就算杰瑞德沒有說出口,她也能夠猜到他是因為曾經發生過一些不愉快的事,才會變成一個不喜歡笑的人。至于是關于什么,她不敢問出口,害怕會觸碰到他心里的傷口,無意間讓他回想起難過的回憶。
「......」
經過一陣短暫又令人窒息的沉默,他總算再次啟唇出聲:「我的父母都在一場意外中喪失性命,本來我也難逃一命,是我的養父救了我,并且撫養我長大的。只是后來......他也因為意外而去世了,自此就只剩下我一個人。」
杰瑞德的聲音輕得如同空氣中的煙霧,讓人覺得很不真實。他幾乎是不由自主的對她說出自己的往事。當然,那只是他根據經歷的事實而編織出來,可是會主動與她分享過去的傷疤,連他自己也感到很是詫異。

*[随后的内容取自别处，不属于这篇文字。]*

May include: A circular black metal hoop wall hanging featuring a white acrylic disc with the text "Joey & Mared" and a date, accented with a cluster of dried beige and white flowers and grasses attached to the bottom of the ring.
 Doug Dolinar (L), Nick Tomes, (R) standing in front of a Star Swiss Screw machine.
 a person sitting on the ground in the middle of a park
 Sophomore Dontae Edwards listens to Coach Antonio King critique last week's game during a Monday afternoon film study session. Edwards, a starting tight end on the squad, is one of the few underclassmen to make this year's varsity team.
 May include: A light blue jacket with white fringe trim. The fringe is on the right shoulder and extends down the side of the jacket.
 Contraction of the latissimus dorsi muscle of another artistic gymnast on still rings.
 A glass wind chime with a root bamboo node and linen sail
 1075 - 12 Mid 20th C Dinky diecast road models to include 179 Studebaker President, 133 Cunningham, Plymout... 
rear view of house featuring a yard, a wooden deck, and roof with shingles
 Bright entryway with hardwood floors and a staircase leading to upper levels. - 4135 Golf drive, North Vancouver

戴維娜意識到剛剛的提問讓他間接想起過世的父母,表情顯得慌亂無措,慌忙的向他道歉:「噢,我很抱歉。我不知道你的父母已經——」
「沒關係,這已經是很多年前的事了。」
儘管他擺出一副不甚在意的樣子,她卻不相信他沒有感到一絲難過。提起父母過世的事又怎么可能會沒事?這對任何人來說都是一份難以忘懷的傷痛。